**Exercise instructions:**
Look through the records below for the line with "Es gibt keine". Return that line and each one after it up to and including the line with "Yamaha YZF R1 billede 4", exactly.

[Stored data entries]

[Start of Attachment]

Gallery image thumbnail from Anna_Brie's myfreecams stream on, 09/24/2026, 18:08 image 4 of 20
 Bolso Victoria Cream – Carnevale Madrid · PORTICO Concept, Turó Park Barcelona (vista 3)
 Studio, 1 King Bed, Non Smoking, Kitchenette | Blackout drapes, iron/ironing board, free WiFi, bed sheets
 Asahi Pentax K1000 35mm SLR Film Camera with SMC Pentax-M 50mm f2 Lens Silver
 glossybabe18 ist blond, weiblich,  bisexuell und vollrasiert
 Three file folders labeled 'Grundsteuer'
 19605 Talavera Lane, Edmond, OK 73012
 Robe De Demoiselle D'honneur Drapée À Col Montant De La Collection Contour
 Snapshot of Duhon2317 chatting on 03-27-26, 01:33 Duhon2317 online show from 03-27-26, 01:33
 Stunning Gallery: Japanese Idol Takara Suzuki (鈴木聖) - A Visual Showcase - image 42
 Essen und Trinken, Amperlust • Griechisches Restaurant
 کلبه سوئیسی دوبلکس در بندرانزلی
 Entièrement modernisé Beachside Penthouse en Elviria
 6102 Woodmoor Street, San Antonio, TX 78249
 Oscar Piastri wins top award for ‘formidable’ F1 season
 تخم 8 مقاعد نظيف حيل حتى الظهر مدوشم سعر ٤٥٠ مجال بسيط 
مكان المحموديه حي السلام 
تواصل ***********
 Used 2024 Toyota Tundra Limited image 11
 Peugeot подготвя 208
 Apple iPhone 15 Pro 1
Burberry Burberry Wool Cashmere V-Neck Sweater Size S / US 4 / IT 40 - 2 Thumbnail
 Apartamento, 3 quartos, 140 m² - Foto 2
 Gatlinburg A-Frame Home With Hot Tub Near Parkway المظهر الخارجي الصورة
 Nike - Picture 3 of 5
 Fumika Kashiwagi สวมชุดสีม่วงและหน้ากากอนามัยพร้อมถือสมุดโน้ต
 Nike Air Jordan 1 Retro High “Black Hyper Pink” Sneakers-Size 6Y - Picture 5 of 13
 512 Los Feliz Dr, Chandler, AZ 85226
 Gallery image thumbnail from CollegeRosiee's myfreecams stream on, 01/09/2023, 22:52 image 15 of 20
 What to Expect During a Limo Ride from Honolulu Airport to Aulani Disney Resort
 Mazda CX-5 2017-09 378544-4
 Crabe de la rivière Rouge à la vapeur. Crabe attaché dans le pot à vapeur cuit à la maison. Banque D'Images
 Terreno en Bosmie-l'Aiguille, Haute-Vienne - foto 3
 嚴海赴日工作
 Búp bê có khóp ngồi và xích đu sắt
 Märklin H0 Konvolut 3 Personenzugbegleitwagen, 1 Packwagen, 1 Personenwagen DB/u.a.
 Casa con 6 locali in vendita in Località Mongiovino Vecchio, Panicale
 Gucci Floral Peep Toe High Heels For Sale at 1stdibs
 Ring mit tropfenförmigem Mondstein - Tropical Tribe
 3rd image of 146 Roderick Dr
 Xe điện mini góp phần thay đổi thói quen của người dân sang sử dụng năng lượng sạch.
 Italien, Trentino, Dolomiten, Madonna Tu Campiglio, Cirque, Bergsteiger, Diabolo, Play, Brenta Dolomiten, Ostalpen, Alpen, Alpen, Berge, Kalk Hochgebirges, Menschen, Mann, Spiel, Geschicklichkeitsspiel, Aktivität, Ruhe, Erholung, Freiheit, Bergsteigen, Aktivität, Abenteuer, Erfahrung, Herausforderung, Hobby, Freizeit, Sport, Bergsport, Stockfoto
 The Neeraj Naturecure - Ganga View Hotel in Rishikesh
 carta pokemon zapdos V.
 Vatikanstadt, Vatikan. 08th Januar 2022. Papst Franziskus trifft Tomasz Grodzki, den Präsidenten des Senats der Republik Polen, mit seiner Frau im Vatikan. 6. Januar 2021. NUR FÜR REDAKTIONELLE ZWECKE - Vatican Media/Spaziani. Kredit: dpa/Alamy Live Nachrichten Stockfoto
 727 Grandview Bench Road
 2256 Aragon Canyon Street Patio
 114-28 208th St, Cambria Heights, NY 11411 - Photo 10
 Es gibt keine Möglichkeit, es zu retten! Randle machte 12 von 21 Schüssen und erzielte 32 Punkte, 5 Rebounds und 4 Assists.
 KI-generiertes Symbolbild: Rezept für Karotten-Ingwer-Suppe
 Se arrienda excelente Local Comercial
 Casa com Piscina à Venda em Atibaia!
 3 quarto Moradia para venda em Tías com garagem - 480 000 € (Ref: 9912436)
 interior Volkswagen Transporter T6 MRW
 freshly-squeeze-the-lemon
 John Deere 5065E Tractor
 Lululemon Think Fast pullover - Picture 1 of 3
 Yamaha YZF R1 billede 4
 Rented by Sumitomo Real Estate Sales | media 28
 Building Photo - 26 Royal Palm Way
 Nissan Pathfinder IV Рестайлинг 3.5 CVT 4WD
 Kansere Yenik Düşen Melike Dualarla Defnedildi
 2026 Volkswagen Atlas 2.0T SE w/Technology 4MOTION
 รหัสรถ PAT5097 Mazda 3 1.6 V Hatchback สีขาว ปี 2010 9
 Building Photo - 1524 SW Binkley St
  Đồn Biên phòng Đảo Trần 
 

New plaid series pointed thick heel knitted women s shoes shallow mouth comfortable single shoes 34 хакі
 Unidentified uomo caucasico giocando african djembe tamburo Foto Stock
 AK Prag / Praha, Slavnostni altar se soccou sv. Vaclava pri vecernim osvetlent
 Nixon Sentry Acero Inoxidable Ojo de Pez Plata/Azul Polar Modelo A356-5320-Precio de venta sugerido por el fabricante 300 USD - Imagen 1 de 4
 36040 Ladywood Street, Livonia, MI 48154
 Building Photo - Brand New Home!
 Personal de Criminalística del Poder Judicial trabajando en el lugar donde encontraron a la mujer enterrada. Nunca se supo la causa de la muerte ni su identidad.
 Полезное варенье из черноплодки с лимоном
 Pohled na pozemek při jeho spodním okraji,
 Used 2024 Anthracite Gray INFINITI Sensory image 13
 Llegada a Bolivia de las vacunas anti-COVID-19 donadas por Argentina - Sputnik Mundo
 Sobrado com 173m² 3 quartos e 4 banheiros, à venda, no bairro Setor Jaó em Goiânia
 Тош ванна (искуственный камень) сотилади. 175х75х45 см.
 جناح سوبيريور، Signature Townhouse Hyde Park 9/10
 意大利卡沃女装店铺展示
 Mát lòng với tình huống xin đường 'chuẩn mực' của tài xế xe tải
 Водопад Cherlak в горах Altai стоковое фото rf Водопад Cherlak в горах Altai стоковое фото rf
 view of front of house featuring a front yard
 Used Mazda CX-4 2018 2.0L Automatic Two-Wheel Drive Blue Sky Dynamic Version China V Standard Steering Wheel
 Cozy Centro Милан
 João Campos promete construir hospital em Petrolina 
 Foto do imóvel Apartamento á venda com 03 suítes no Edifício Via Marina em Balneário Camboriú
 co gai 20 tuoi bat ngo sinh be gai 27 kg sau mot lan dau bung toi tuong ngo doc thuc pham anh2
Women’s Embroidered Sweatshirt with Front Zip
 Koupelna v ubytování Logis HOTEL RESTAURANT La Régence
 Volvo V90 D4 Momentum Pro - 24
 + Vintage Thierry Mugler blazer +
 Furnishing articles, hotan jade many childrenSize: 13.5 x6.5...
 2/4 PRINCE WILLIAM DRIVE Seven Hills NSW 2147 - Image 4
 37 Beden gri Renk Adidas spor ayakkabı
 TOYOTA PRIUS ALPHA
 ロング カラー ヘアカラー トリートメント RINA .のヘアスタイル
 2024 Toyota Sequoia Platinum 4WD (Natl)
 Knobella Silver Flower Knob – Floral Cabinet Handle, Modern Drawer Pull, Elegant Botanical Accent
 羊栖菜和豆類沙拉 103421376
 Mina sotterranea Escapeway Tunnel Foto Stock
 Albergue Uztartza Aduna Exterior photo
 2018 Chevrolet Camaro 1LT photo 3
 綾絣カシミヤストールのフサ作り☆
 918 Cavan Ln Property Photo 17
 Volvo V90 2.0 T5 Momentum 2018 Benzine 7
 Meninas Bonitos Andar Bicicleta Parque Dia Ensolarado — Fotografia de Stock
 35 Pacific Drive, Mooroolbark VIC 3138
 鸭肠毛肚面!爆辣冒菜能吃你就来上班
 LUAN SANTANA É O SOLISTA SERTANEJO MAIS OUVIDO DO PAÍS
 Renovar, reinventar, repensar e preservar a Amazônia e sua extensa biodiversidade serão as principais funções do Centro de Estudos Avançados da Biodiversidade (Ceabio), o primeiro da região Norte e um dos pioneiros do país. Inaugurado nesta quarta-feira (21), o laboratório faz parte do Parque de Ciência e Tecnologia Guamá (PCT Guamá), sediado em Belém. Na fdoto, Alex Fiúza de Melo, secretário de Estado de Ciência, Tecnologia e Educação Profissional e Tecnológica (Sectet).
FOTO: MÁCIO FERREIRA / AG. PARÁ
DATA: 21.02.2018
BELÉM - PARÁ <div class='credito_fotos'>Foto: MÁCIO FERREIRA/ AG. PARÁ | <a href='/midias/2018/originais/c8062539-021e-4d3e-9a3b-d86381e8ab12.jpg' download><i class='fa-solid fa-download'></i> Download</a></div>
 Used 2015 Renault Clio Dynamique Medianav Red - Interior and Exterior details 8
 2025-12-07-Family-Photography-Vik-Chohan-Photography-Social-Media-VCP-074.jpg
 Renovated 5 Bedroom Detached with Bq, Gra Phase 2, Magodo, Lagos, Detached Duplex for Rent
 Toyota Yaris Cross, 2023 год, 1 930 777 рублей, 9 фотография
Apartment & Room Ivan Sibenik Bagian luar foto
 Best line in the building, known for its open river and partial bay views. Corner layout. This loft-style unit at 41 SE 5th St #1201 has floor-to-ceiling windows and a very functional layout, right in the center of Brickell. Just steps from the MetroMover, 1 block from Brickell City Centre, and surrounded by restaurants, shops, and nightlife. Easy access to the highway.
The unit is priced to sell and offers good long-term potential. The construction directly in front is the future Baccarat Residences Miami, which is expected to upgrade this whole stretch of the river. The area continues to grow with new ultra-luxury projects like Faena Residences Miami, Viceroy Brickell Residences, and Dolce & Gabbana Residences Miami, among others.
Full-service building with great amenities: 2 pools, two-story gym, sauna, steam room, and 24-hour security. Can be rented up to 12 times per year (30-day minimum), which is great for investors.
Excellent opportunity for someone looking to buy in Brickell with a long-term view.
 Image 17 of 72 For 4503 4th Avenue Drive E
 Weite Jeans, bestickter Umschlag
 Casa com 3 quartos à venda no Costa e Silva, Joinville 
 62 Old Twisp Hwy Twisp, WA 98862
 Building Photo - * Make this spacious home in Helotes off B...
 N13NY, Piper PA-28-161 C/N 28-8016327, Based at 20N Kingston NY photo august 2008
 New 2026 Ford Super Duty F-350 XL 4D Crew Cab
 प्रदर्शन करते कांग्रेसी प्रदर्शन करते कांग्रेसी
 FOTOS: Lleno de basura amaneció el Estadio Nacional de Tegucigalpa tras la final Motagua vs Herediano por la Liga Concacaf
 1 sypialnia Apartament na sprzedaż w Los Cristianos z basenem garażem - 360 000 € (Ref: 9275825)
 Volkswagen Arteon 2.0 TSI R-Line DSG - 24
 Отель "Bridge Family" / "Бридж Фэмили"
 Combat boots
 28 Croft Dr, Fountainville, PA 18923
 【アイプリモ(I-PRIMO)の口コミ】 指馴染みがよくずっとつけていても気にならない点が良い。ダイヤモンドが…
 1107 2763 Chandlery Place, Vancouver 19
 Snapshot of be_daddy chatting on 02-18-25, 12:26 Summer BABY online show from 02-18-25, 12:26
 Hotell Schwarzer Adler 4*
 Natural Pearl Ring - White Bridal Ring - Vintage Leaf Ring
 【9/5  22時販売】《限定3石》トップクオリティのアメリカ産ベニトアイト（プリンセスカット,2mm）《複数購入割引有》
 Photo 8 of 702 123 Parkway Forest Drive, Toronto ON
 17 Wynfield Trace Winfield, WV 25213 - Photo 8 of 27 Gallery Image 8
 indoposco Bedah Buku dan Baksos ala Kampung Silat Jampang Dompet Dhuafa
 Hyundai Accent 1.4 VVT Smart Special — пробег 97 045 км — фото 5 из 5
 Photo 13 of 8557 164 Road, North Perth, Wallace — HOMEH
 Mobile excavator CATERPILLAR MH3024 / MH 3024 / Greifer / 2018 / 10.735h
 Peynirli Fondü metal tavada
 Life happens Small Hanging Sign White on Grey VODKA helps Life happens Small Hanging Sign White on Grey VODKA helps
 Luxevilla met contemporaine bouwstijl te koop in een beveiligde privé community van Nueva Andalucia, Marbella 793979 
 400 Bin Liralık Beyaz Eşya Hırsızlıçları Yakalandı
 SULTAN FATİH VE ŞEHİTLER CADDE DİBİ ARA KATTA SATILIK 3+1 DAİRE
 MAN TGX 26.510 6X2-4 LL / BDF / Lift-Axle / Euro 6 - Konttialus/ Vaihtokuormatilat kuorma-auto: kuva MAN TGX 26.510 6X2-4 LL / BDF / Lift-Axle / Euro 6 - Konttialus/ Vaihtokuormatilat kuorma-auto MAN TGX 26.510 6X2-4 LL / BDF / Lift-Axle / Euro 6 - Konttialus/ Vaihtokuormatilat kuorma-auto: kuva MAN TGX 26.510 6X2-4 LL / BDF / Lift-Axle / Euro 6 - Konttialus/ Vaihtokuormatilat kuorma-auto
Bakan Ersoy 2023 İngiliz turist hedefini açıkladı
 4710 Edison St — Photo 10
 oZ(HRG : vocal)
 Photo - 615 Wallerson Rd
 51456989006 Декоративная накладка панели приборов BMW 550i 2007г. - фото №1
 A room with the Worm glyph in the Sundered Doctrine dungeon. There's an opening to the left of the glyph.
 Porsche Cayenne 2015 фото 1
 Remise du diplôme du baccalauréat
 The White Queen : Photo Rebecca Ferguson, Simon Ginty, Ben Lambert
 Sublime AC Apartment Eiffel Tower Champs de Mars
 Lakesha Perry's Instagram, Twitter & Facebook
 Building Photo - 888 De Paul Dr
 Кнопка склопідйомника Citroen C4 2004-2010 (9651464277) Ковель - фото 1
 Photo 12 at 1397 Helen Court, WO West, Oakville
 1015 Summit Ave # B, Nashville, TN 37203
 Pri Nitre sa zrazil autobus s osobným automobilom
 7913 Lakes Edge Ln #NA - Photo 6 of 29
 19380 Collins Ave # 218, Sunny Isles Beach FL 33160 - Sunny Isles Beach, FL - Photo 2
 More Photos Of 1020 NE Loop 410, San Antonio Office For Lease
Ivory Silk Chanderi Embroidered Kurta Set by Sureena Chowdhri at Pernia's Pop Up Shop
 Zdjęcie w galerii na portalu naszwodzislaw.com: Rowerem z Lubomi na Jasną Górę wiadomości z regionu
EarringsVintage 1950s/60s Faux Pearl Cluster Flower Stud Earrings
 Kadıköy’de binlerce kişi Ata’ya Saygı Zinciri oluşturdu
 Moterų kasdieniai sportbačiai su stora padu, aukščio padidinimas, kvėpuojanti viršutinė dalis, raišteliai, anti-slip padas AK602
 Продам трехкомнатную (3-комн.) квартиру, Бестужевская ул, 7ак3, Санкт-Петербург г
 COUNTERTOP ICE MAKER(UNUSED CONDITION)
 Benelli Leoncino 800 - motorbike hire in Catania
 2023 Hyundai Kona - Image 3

[End of Attachment]

**Your solution:**
 Es gibt keine Möglichkeit, es zu retten! Randle machte 12 von 21 Schüssen und erzielte 32 Punkte, 5 Rebounds und 4 Assists.
 KI-generiertes Symbolbild: Rezept für Karotten-Ingwer-Suppe
 Se arrienda excelente Local Comercial
 Casa com Piscina à Venda em Atibaia!
 3 quarto Moradia para venda em Tías com garagem - 480 000 € (Ref: 9912436)
 interior Volkswagen Transporter T6 MRW
 freshly-squeeze-the-lemon
 John Deere 5065E Tractor
 Lululemon Think Fast pullover - Picture 1 of 3
 Yamaha YZF R1 billede 4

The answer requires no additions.